In the spring of 1999, before a small but rapt audience of students in the library of Governor Livingston High School, I confessed that I was capable of asexual reproduction. I sat somewhat stiffly in my chair, probably in a defensive cross-armed stance. I had no formal text or even notes, merely an outline that I ran and reran in my head for days in advance, which involved a brief introduction followed by opening up for questions. I knew that someone would ask “How?” for which my answer was “My leg hairs,” sprouting forth miniature replicas of myself for some nefarious but surely clever purpose I’d forgotten. It was reported in The Highlander (our newspaper) the following week having more or less taken the hint that it was meant to be funny.
Open mic nights were organized by the school’s literary magazine (“lit mag” for short), of which I was a member from the first meeting of my freshman year, when I attended with a pile of my horrifyingly nascent literary work, until basically graduation1. They were biannual, in the fall and spring semesters, held well past operating hours and took on an intimacy uncommon to mass-rituals of public education. I’m pretty sure there was tea. My mind also conjures candles, but that seems like a fire hazard, and our adviser, my English teacher Miss Sample, was guided by a spirit of renewable nervousness.

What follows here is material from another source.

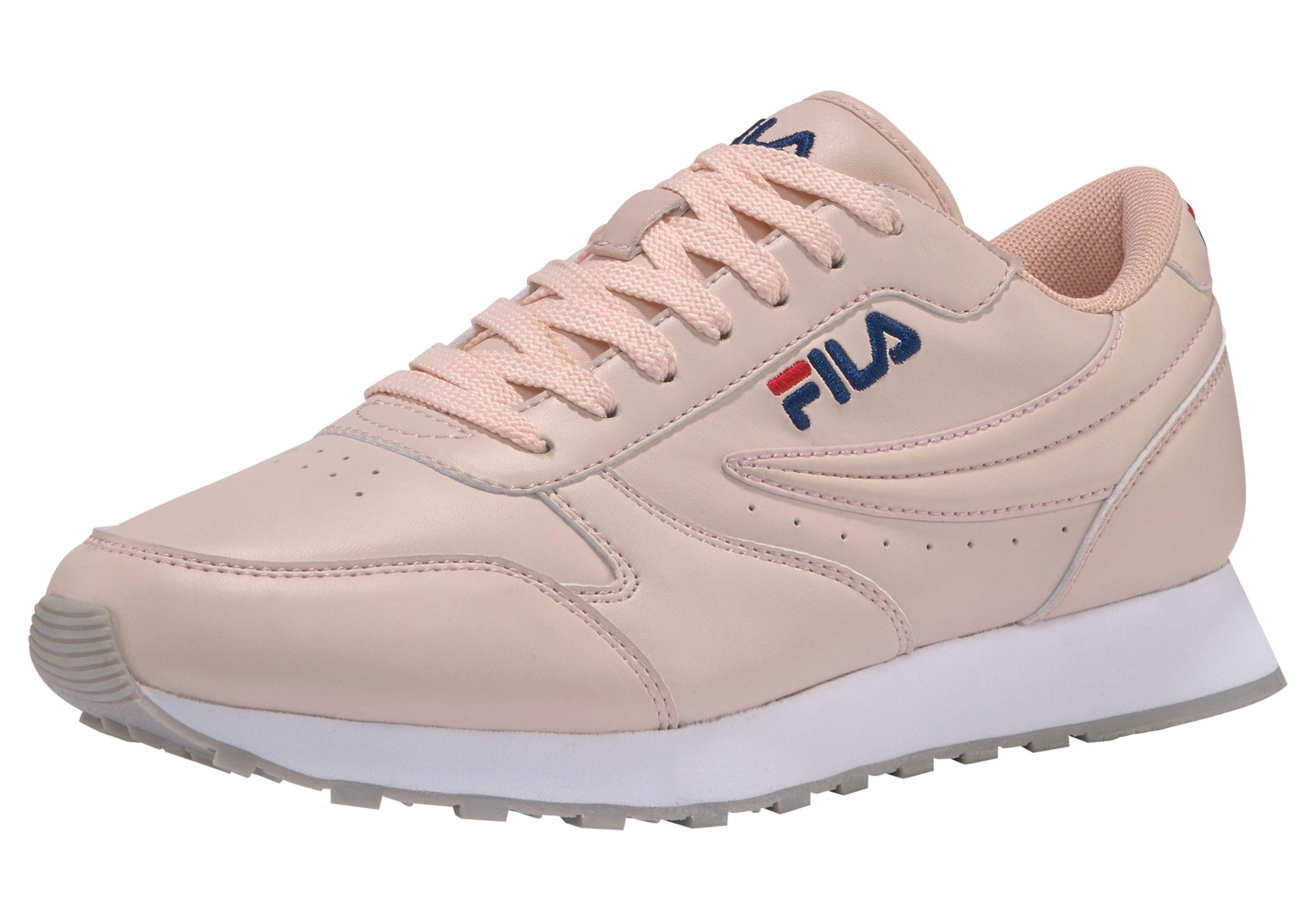 fila orbit low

The audience was actually fairly diverse across cliques. I suppose if you had nothing better to do on a Wednesday or Thursday night you could come watch your peers sing Ani DiFranco songs or read poems by themselves or someone else. One girl stands out to me for reading a love letter arranged through William S. Burroughs’s cut-up method. At another one, she did an impassioned rendition of Dave Foley’s “Letter to the Guy I Clotheslined” monologue from Kids in the Hall.
For me, open mic night served as a platform for what could be seen as my extensive impulse in what is now “shitposting.” I’d debuted the previous fall with a “short story” far too indebted to my readings of Naked Lunch to be worth remembering now. This was followed in subsequent years with sonic “freak outs,” such as playing a badly tuned guitar with a screwdriver while a group of underclassmen huddled around the microphone doing primal scream therapy, and some other musical stuff that either never materialized or collapsed midway through the act.

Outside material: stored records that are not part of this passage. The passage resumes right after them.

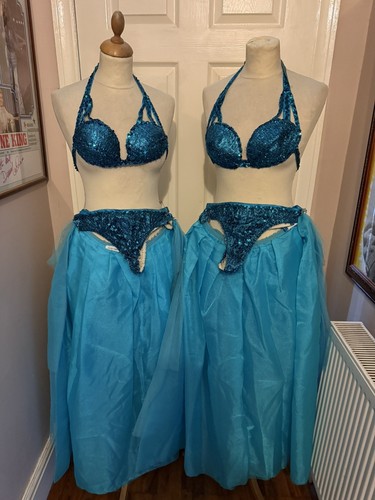 Womens vintage showgirl - womens,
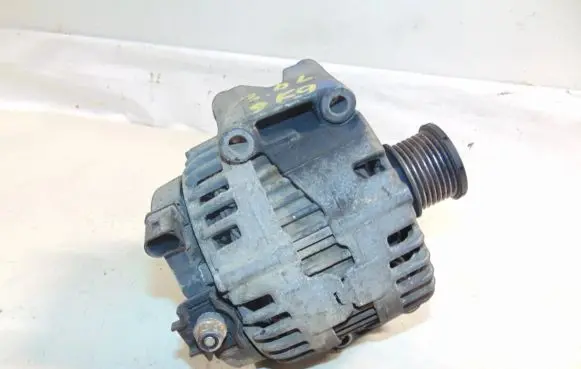 Mercedes-Benz R W251 Generator/alternator A0141541302 0141541302 0121813020
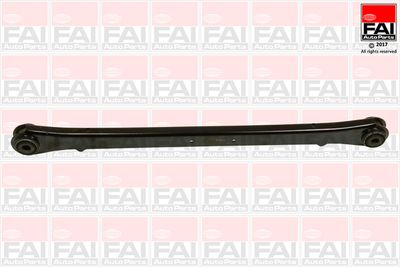 Neatkarīgās balstiekārtas svira, Riteņa piekare FAI AutoParts SS8691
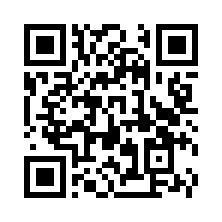 QR Code for 1ECT7vrNdYwk23MSGHNhRT2QCMLo1ZFbrU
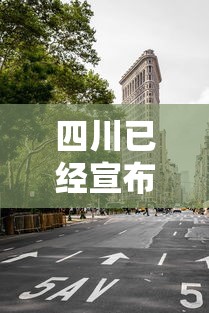 使用分享!友间十三张有挂吗”通用版下载教程！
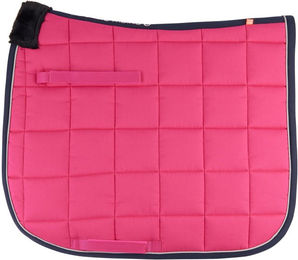 Produktbild von Satteldecke für Pferde Imperial Riding Time to Shine base DR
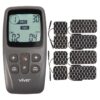 EMS TENS Unit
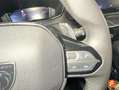 Peugeot 2008 1.2 PureTech S&S Allure EAT8 130 Gris - thumbnail 26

Of all my pieces, that monologue was perhaps my best and most complete. I do not remember what inspired it, let alone where the confidence to perform it came from, or why it had been as successful as it was once I had done so. Though it’s not like I had many options. In 1999, with the internet as unsophisticated and as little explored as it was, it never occurred to me that I could engage the dial-up and sink into some forum to post my ideas from the safety of my cubic family PC, among trusting, admiring confidants. Even now that sounds entirely pointless and stupid. In that specific moment, I found I loved the challenge of presenting a creation to the people I saw in person every day, some of whom may not have been all that nice to me, seemingly by virtue of the fact that I could and they could not.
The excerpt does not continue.